Trata-se de ajuda espiritual que tu e os teus camaradas de liceu
podem e querem dar tão generosamente, não em
relação a mim, mas a todos aqueles que tenho sob o meu comando.
Para esses já é fácil conseguires algo de positivo. Para tanto
fazendo um balanço superficial das leituras que eles aqui possuem,
chego à conclusão de que lhes faltam aqueles que possam ter sabor religioso e até
de formação moral. Para isso julgo fácil obter revistas como a da «MIRIAM», «MAGNIFICAT», jornais que sejam publicações de paróquias, etc...
Tudo o que fizeres pelos nossos homens estás a fazê-lo directamente
a
mim. Eu me encarregarei, tal como desta vez o fiz, de lhes pôr à disposição o
que enviares e, não só a eles como a outros rapazes de outros
companhias Assim, teremos uma acção mais extensivo e completa.

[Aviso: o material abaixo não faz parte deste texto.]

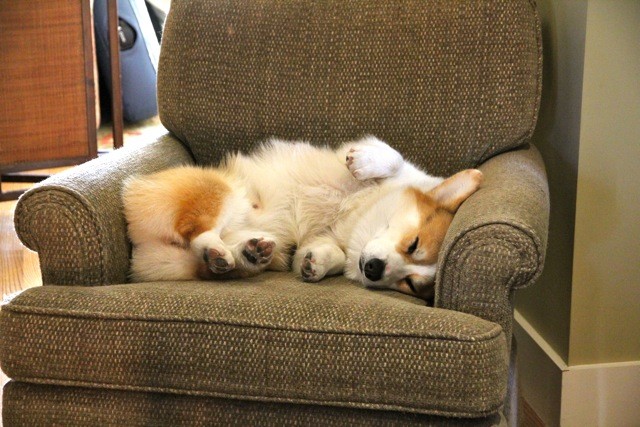 corgi sleep on couch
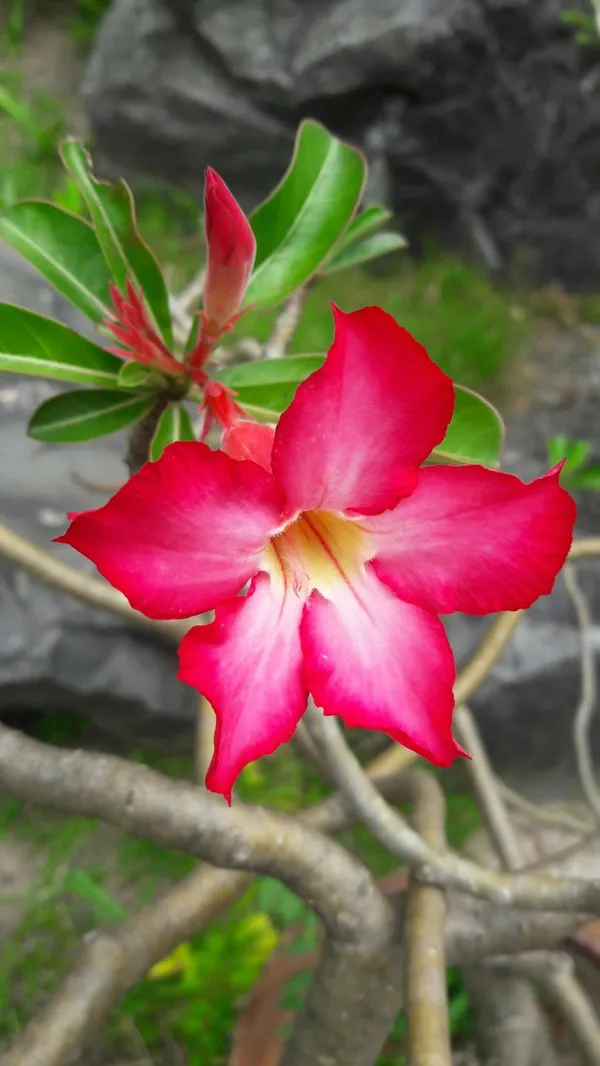 Adenium_Live_Plant_Pack_Of__1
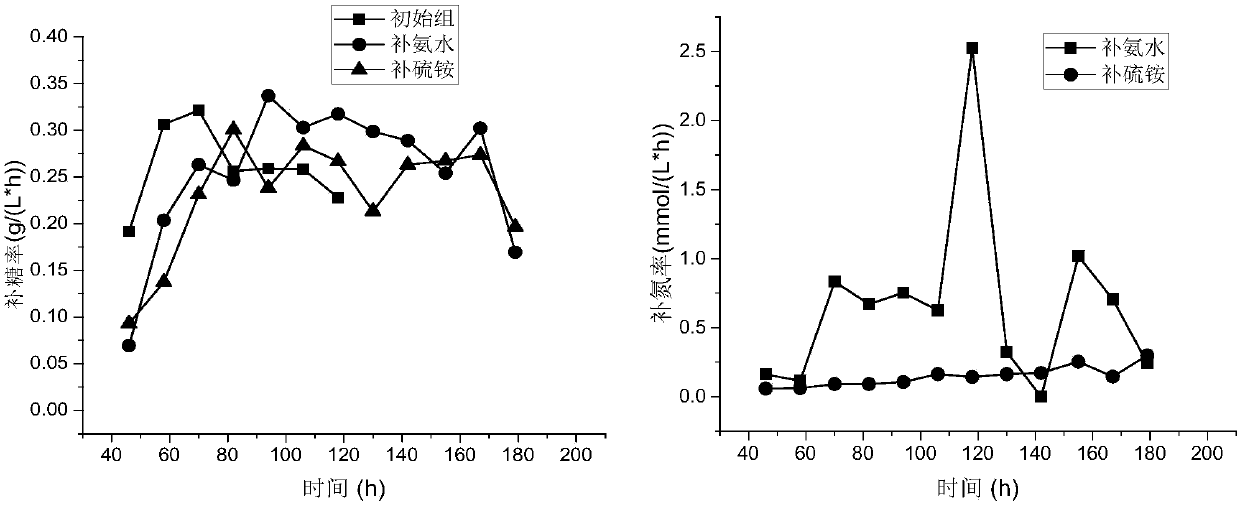 Novel method for fermentation production of erythrocin by utilizing saccharopolyspora erythraea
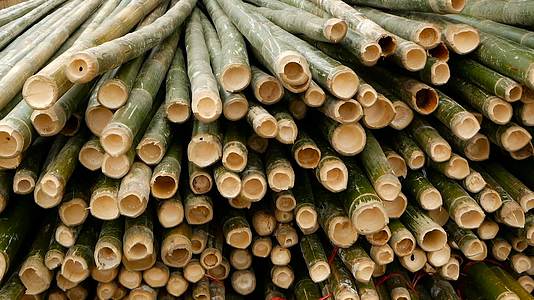 在亚洲用作建筑材料的圆形交叉切片竹树干束具有自然纹理视频的预览图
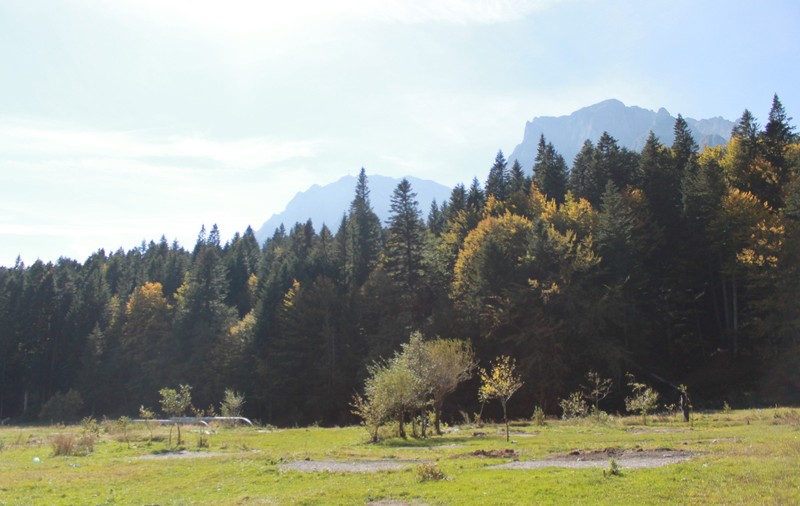 Războiul de 20 de ani pentru 60 de hectare de teren într-o zonă exclusivistă din Valea Prahovei. Miza, peste 36 milioane de dolari: „S-a făcut o măgărie”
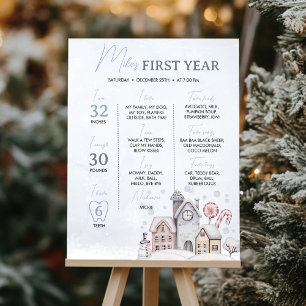 Winter Wonderland First Year Milestone Sign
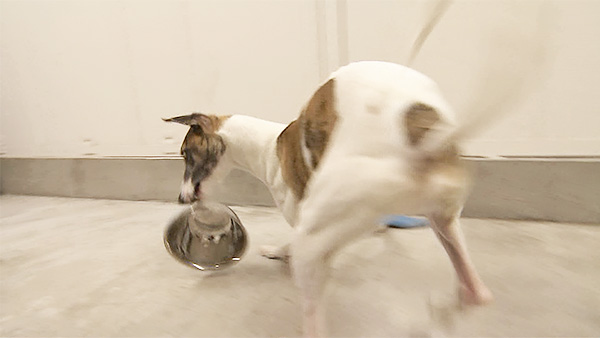 サッチモ きょうのわんこ 写真4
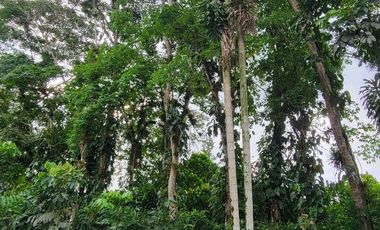 Finca en Venta en Puerto Quito - Ecuador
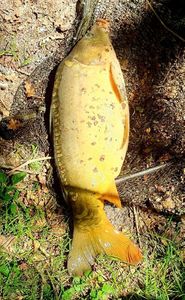 Common Carp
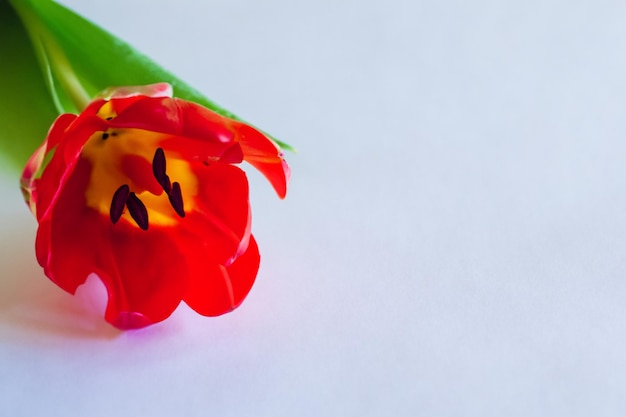 Beauté tulipe rouge sur pape vierge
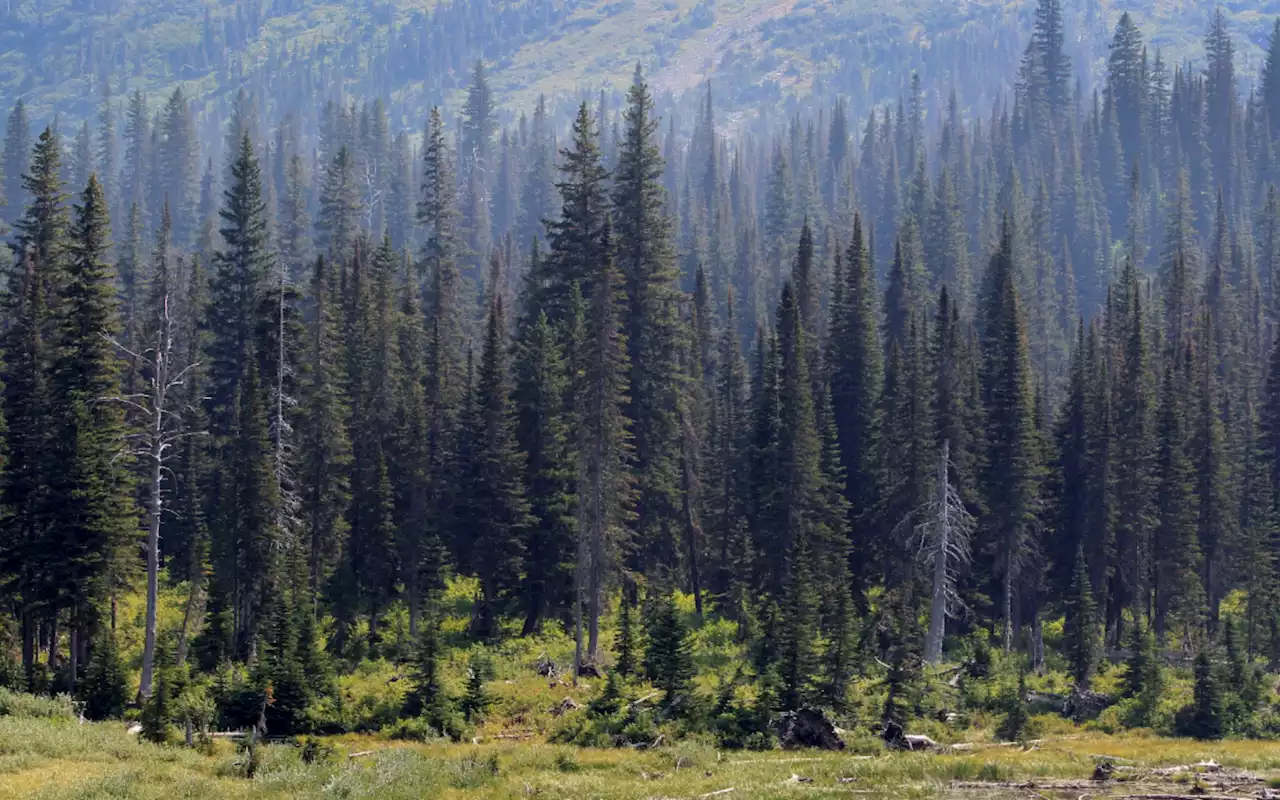 Forests in the US will stop absorbing carbon within 50 years, USDA report warns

Se a organização a que pertences não estiver de acordo, perdoa
a
minha sinceridade e acredita que, já lá vão oito longos meses,
tenho lutado sempre a favor do nosso soldado, para o qual dou
tudo da melhor vontade e com
o melhor espírito de caridade.
Imensamente agradecido pela atenção dispensada renovo os meus
agradecimentos e faço votos para que tenhas umas Boas Festas e Ano
Novo... cheio de boas classificações.